In SAP Analytics Cloud Smart Predict, a variable can have the following properties:
- Statistical type: continuous, ordinal or nominal
- Data type for example, date, number, or string
- Role: target (or signal), date, entity, or excluded
Statistical types
In SAP Analytics Cloud Smart Predict there are three statistical types of variable:
- Nominal variables: a discrete and unordered set of values or categories
- Ordinal variables: a discrete and ordered set of values
- Continuous variables: a real number that can take any value (with fractions/decimal places)
Note
When building a model, there is also Textual variables listed in the dropdown for Statistical Types. These are a type of nominal variable containing phrases, sentences, or complete texts and are used for text analyses. Textual variables are currently not supported by Smart Predict and not covered in this learning journey.
Data types
There are two data types used in SAP Analytics Cloud:
- Quantitative or numerical data:
- Data are numbers and can be quantified
- Data can be classified as either discrete or continuous
- Data can be counted or measured, and summarized using mathematical operations such as addition or multiplication
Examples include: age (28 years old), height of a person (200cm), grade score (85%), salary amount ($35,000)

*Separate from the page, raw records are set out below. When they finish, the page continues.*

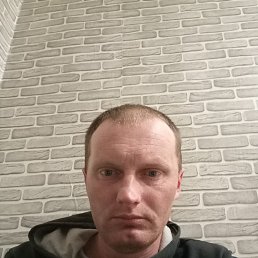 Ahdrey, 33, 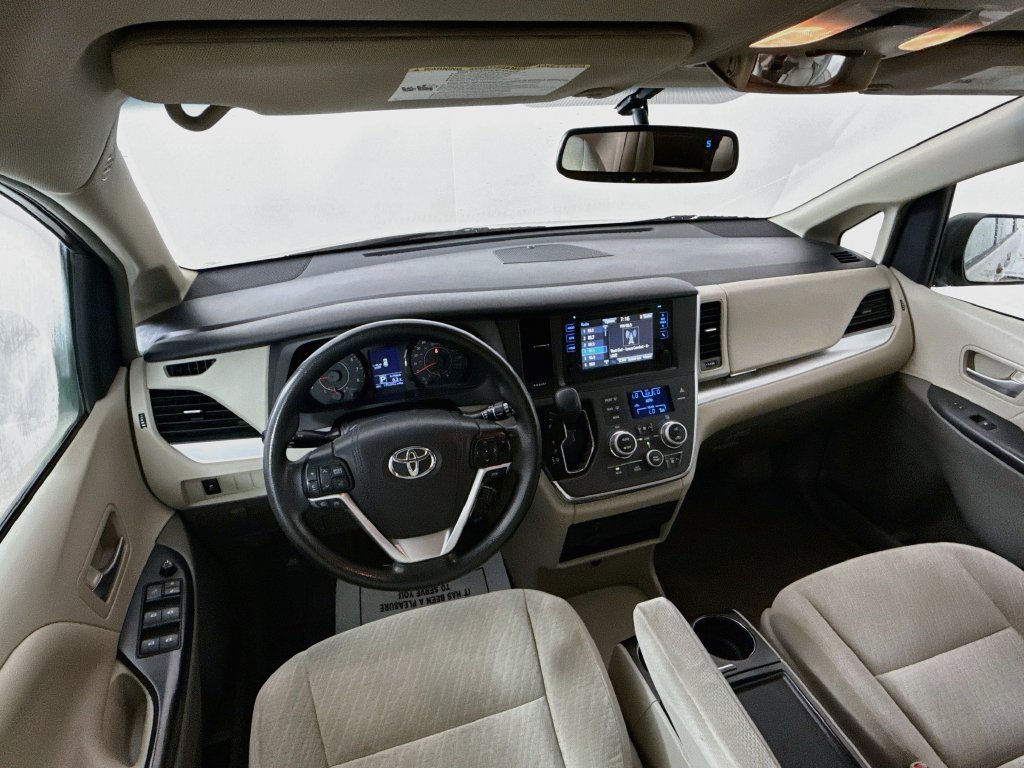 Used 2017 Toyota Sienna LE FWD image 21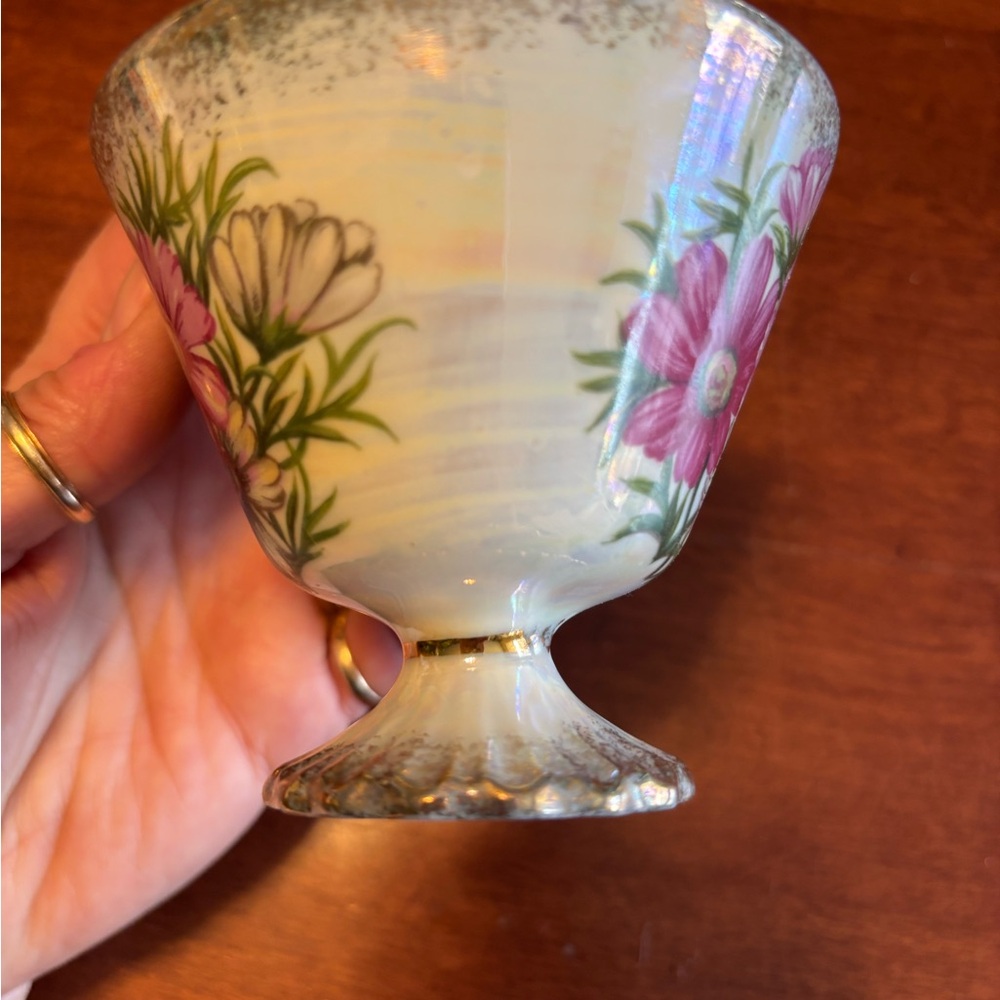 Vintage Floral Lusterware Teacup with Gold Handle - Picture 3 of 9
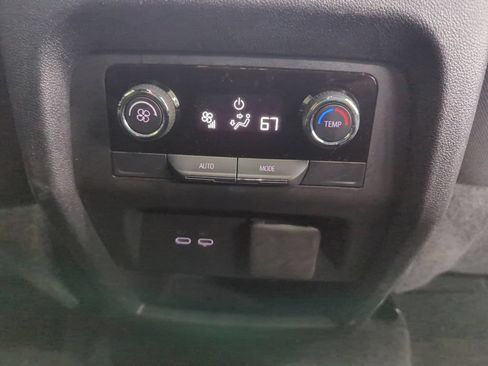 Used 2024 Chevrolet Traverse LT w/ Enhanced Driving Package FWD image 32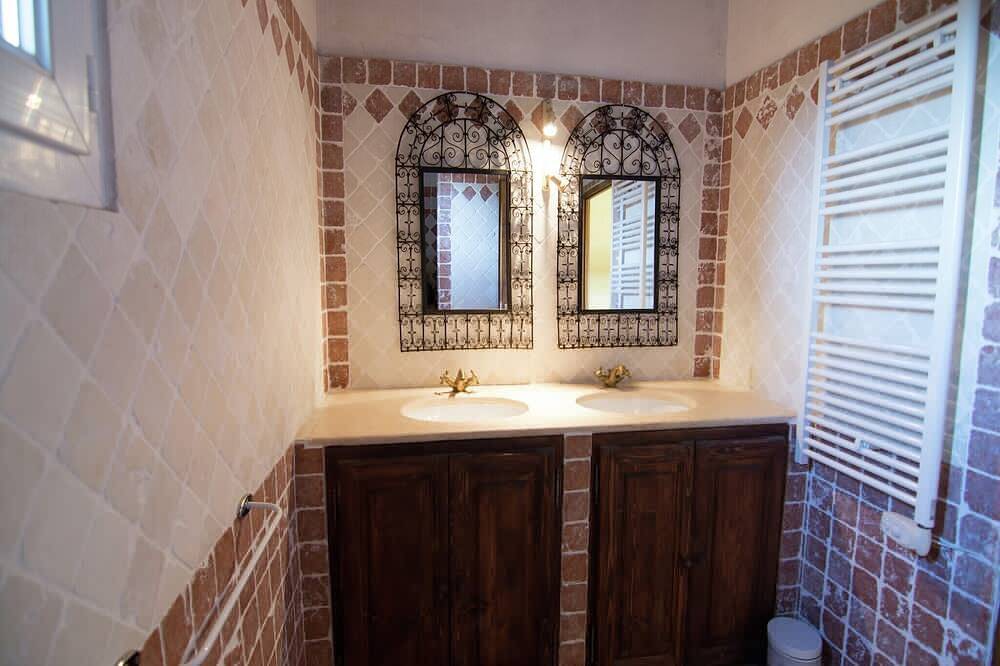 Vineyard Villa in Montfrin in Montfrin, Nimes region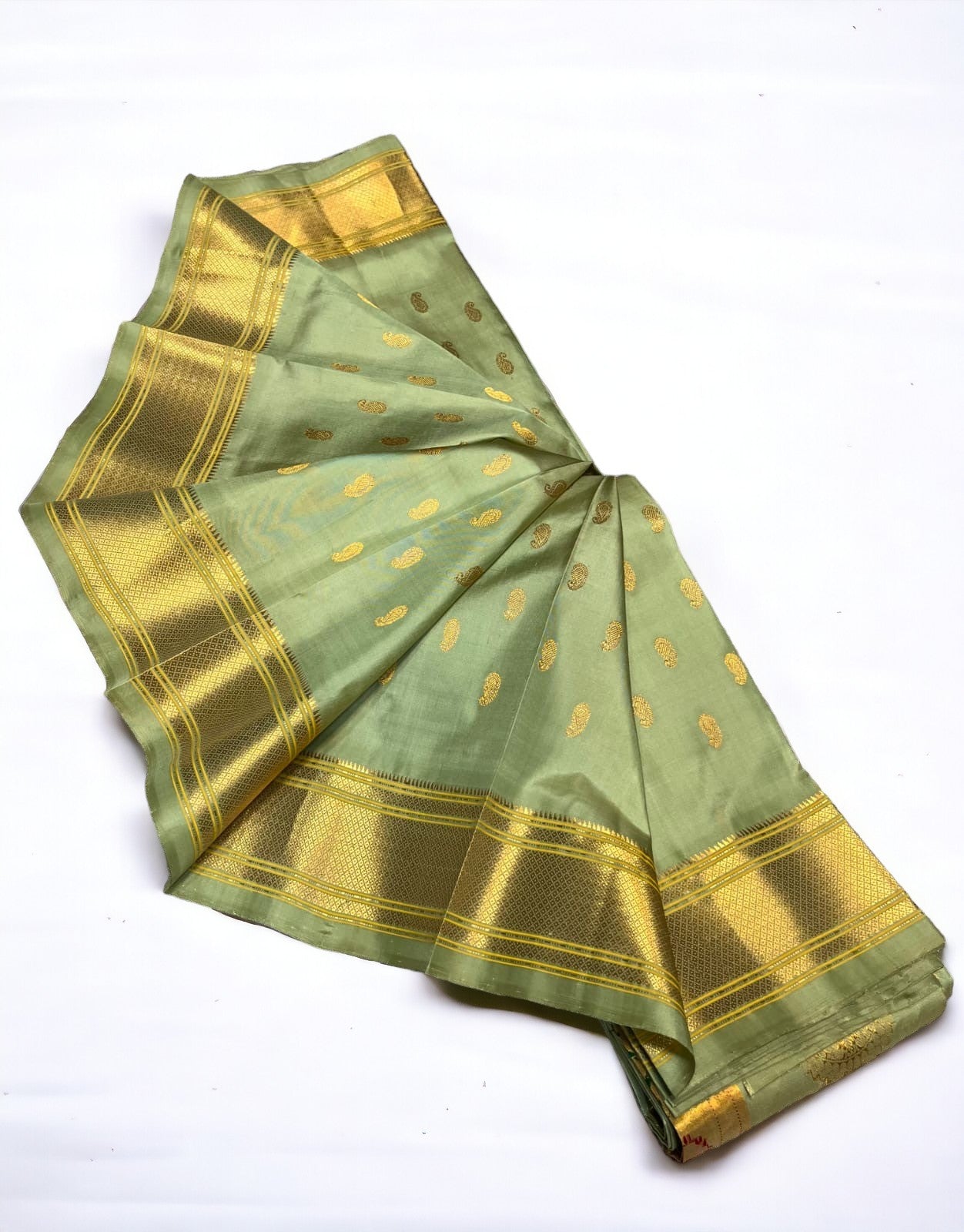 Pure Silk Handloom Kalalnjali Paithani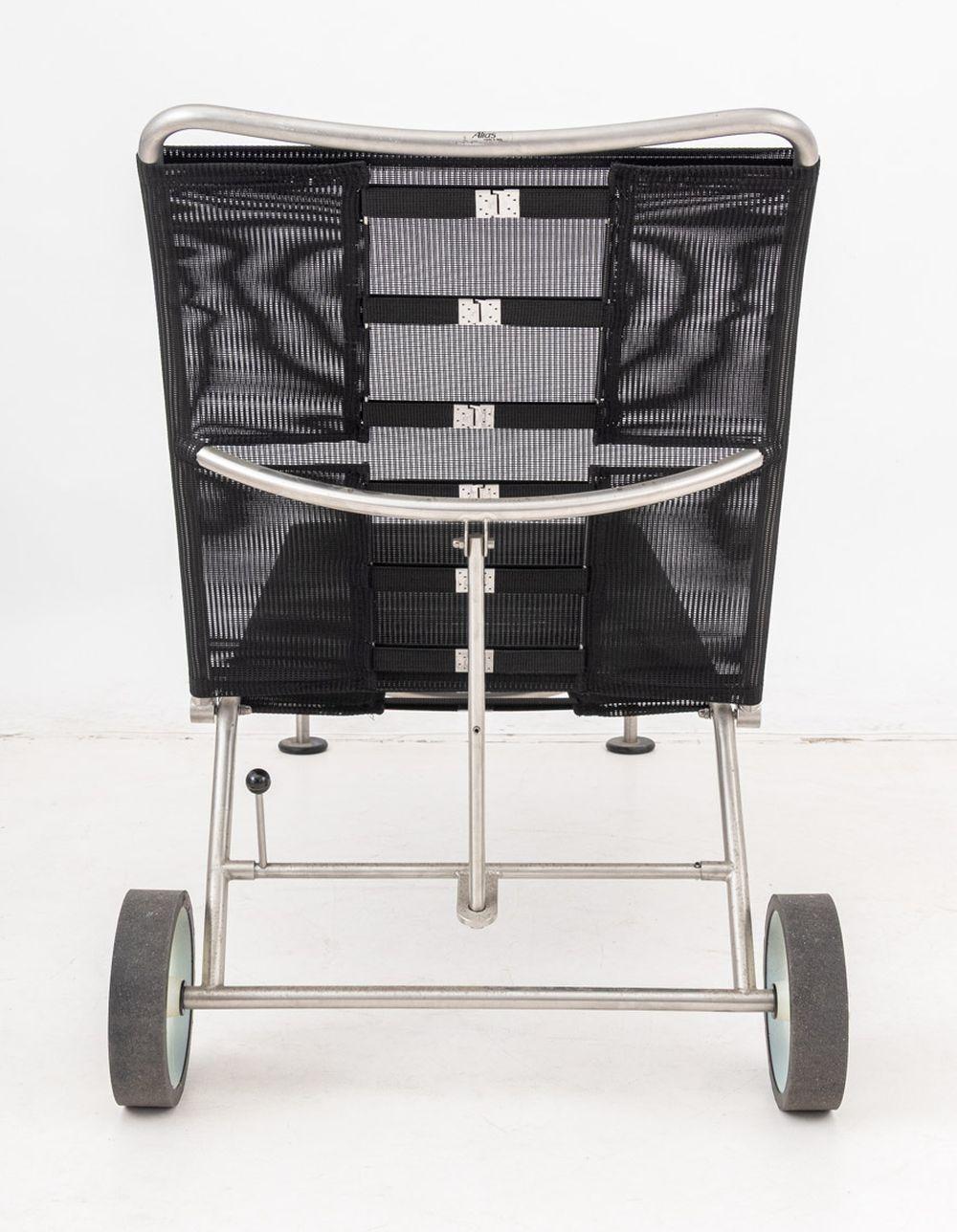 20ième siècle Chaise longue d'extérieur en acier inoxydable Alias en vente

- Qualitative or categorical data:
- Data are either not numbers, or if they are numbers they cannot be quantified
- Data items can be placed into distinct categories based on some attributes or characteristics
- Data can only be summarized by frequency count (or mode). No other mathematical operators can be applied
Examples include: gender, race, grading system (A, B, C, or 1, 2, 3), income level (low, medium, high)
Role
To build a predictive model, you must define the following variable roles:
- Target or signal variable:
- There can only be one target/signal variable
- A target/signal variable is the variable that you are predicting, in other words, the model outcome (sometimes referred to as the dependent variable in other applications)
- It can be binary (for classification) or continuous (for regression and time series)
- There can be no missing values.
- Date variable:
- This is the variable used for a date dimension
- It is mandatory to include a date variable for a time series predictive scenario, but not for classification or regression scenarios
- Entity:
- In a time series forecasting model, it is a nominal variable, or combination of variables, that split up the predictive model data into segments, with each available combination of entities producing its own forecasting model, creating distinct predictions for each entity combination.
- The forecasting models can then reflect behaviors that are specific to a given segment, and so produce more accurate predictions.
- The entity can be a dimension in the data, for example region, store, or product family, or a combination of dimensions.
- It is optional in a time series predictive scenario
- Influencer:
- There can be multiple influencer variables
- The influencers are variables that describe the data and which serve to explain a target.